Agradece, pois, os menores benefícios e maiores merecerás.
Considera como muito o pouco, e o menor dom por dádiva
singular. Se considerarmos a grandeza do benfeitor, não há dom
pequeno ou de pouco valor; porque não pode ser pequena a
dádiva que nos vem do soberano Senhor. Ainda quando nos der
penas e castigos, Lho devemos agradecer, porque sempre é para
nossa salvação quanto permite que nos suceda. Se desejares a
graça de Deus, sê agradecido quando a recebes e paciente
quando a perdes. Roga que ela volte, anda cauteloso e humilde,
para não vires a perdê-la.
CAPÍTULO 11
Quão poucos são os que amam a cruz de Jesus
1.
Muitos encontram Jesus agora apreciadores de seu reino celestial;
mas poucos que queiram levar a sua cruz. Tem muitos sequiosos
de consolação, mas poucos da tribulação; muitos companheiros à
sua mesa, mas poucos de sua abstinência. Todos querem gozar
com ele, poucos sofrer por ele alguma coisa. Muitos seguem a
Jesus até ao partir do pão, poucos até beber o cálice da paixão.
Muitos veneram seus milagres, mas poucos abraçam a ignomínia
da cruz. Muitos amam a Jesus, enquanto não encontram
adversidades. Muitos O louvam e bendizem, enquanto recebem
d’Ele algumas consolações; se, porém, Jesus se oculta e por um
pouco os deixa, caem logo em queixumes e desânimo excessivo.
2.
Aqueles, porém, que amam a Jesus por Jesus mesmo e não por
própria satisfação, tanto O louvam nas tribulações e angústias,
como na maior consolação. E posto que nunca lhes fosse dada a
consolação, sempre O louvariam e Lhe dariam graças.
3.
Oh! Quanto pode o amor puro de Jesus, sem mistura de interesse
ou amor-próprio! Não são porventura mercenários os que andam
sempre em busca de consolações? Não se amam mais a si do que
a Cristo os que estão sempre cuidando de seus cômodos e
interesses? Onde se achará quem queira servir
desinteressadamente a Deus?
4.
É raro achar um homem tão espiritual que esteja desapegado de
tudo. Pois o verdadeiro pobre de espírito e desprendido de toda
criatura - quem o descobrirá? Tesouro precioso que é necessário
buscar nos confins do mundo (Prov 31,10). Se o homem der toda a
fortuna, não é nada. E se fizer grande penitência, ainda é pouco.

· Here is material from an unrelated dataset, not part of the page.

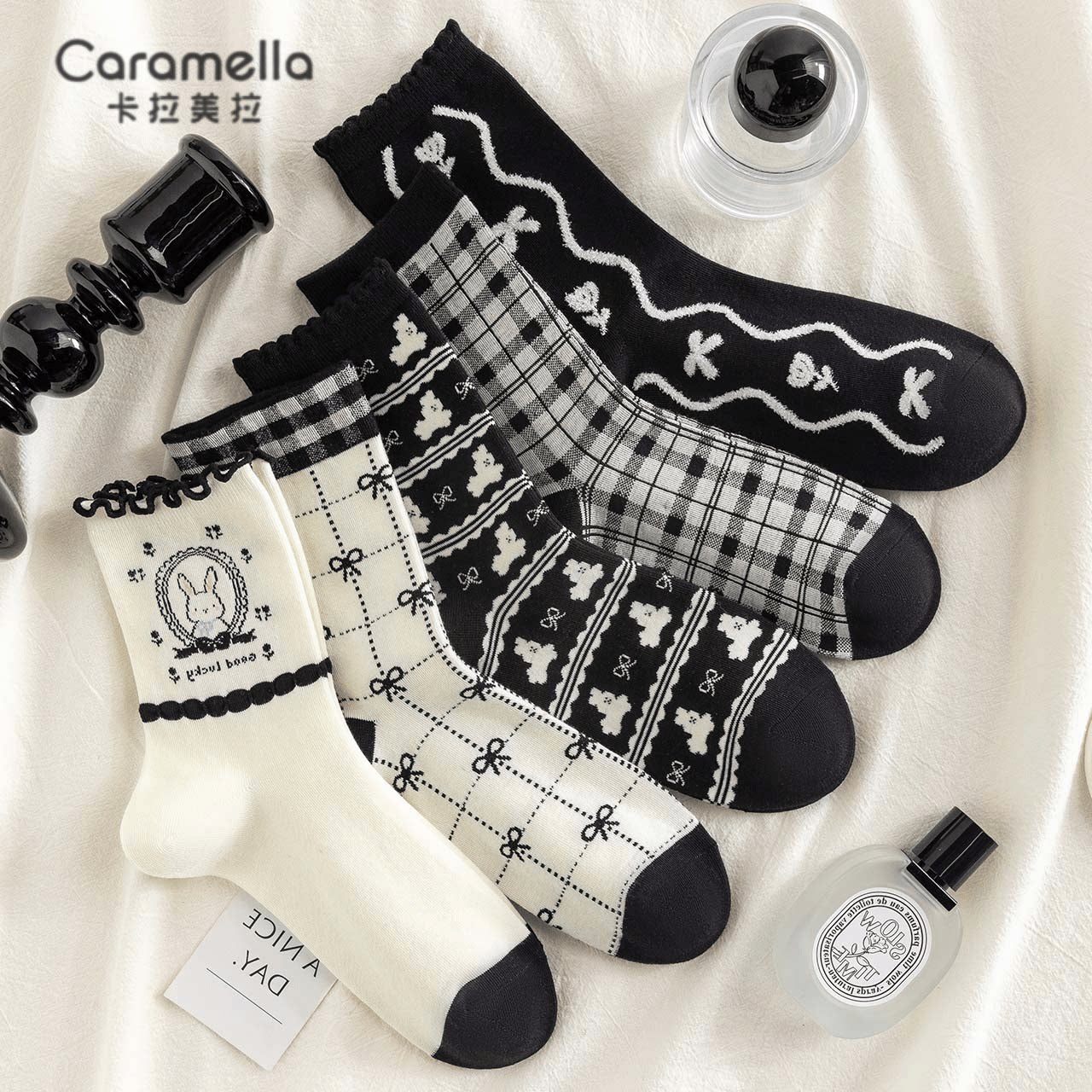 caramella女袜秋冬袜中筒袜棉袜外穿ins潮可爱卡通日系复古百搭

Compreenda embora todas as ciências, ainda estão muito longe. E
se tiver grande virtude de devoção ardente, muito ainda lhe falta, a
saber: uma coisa que lhe é sumamente necessária. Que coisa será
esta? Que, deixado tudo, se deixa a si mesmo e saia totalmente de
si, sem reservar amor-próprio algum, e, depois de feito tudo que
soube fazer, reconheça que nada fez.
5.
Não tenha em grande conta o pouco que nele possa ser avaliado
por grande: antes, confesse sinceramente que é um servo inútil,
como nos ensina a Verdade. Quando tiverdes cumprido tudo que
vos for mandado, dizei: Somos servos inúteis (Lc 17,10). Então,
sim, o homem poderá chamar-se verdadeiramente pobre de
espírito e dizer com o profeta: Sou pobre e só neste mundo (Sl
24,16). Entretanto, ninguém é mais poderoso, ninguém mais livre
que aquele que sabe
deixar-se a si e a todas as coisas e colocar-se no último lugar.